- **EXERCISE REQUIREMENTS**
Every record below should be transcribed exactly. Omit the images.
AVAILABLE DATA START
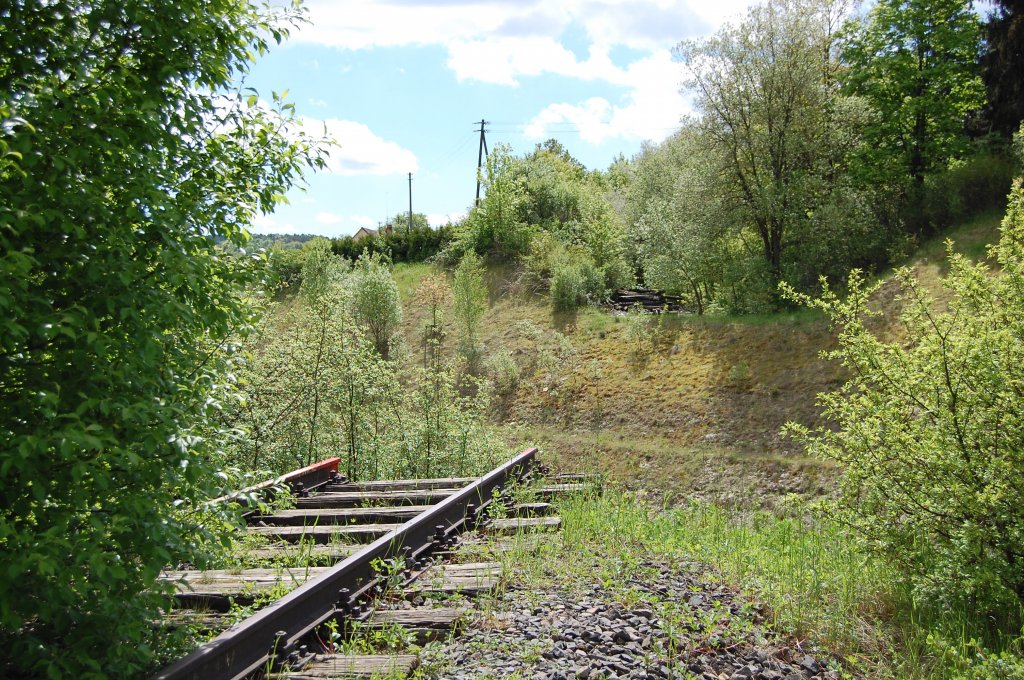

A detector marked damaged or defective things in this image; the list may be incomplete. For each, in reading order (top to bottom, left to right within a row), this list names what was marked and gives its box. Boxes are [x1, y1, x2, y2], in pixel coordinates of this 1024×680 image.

rusty rail [153, 446, 536, 680]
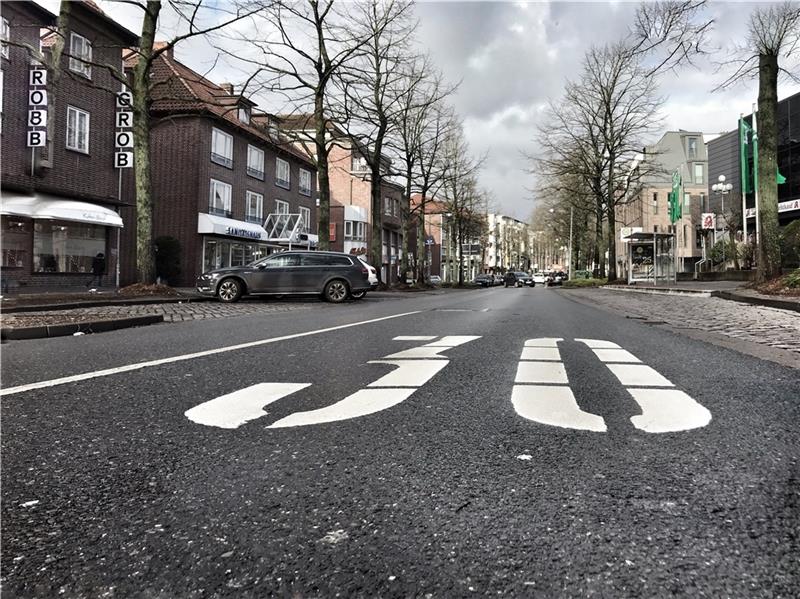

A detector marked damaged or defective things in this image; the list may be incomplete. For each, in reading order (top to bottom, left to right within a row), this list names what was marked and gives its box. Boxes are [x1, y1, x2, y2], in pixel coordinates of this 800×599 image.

cracked asphalt [1, 288, 800, 596]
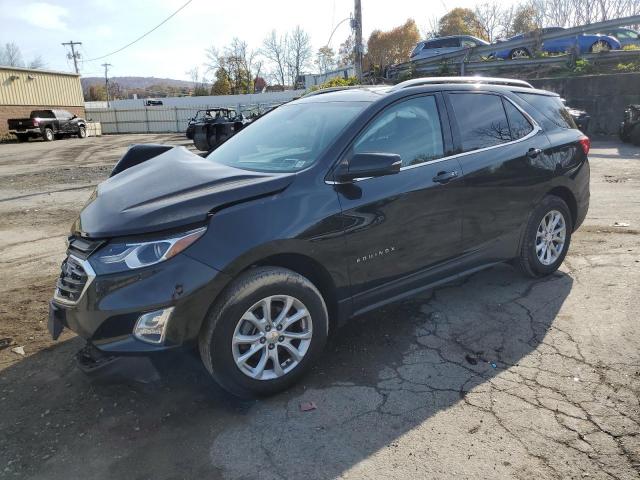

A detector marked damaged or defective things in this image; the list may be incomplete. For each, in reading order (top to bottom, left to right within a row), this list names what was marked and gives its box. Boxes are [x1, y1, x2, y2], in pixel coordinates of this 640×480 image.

cracked asphalt [0, 133, 636, 478]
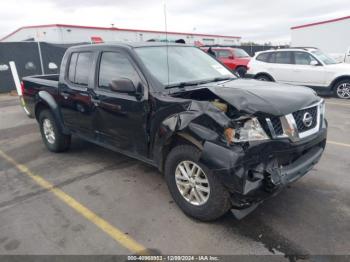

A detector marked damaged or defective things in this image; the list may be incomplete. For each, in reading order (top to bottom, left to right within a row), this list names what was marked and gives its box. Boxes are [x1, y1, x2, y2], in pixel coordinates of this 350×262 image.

crumpled hood [202, 78, 320, 116]
broken headlight [224, 117, 270, 143]
damaged front bumper [200, 125, 328, 219]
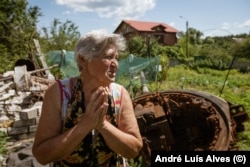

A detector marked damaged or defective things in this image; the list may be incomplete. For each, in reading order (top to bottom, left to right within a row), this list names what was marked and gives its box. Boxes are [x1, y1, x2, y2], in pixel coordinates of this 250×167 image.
AVAILABLE DATA END
- **REPLY TO THE TASK**
A detector marked damaged or defective things in this image; the list may be incomplete. For each, in reading order (top to bottom, left to right within a row), this list names what was marked and gives its box. Boxes are [x1, y1, x2, y2], in pixel coordinates of this 1024×680 image.

rusty rail [153, 446, 536, 680]

A detector marked damaged or defective things in this image; the list may be incomplete. For each, in reading order (top to bottom, left to right within a row), this list names what was marked and gives its box. Boxes are [x1, y1, x2, y2], in pixel coordinates of this 800×599 image.

cracked asphalt [1, 288, 800, 596]

A detector marked damaged or defective things in this image; the list may be incomplete. For each, in reading order (top to bottom, left to right within a row), this list names what was marked and gives its box. Boxes are [x1, y1, x2, y2], in pixel coordinates of this 640×480 image.

cracked asphalt [0, 133, 636, 478]

A detector marked damaged or defective things in this image; the list may be incomplete. For each, in reading order (top to bottom, left to right within a row), this list names what was marked and gives its box. Boxes are [x1, y1, x2, y2], in pixel coordinates of this 350×262 image.

crumpled hood [202, 78, 320, 116]
broken headlight [224, 117, 270, 143]
damaged front bumper [200, 125, 328, 219]

A detector marked damaged or defective things in this image; the list may be incomplete. For each, in reading order (top to bottom, left to right within a row), this list names what was marked and gives its box. Boxes are [x1, y1, x2, y2], in pixel coordinates of this 250×167 image.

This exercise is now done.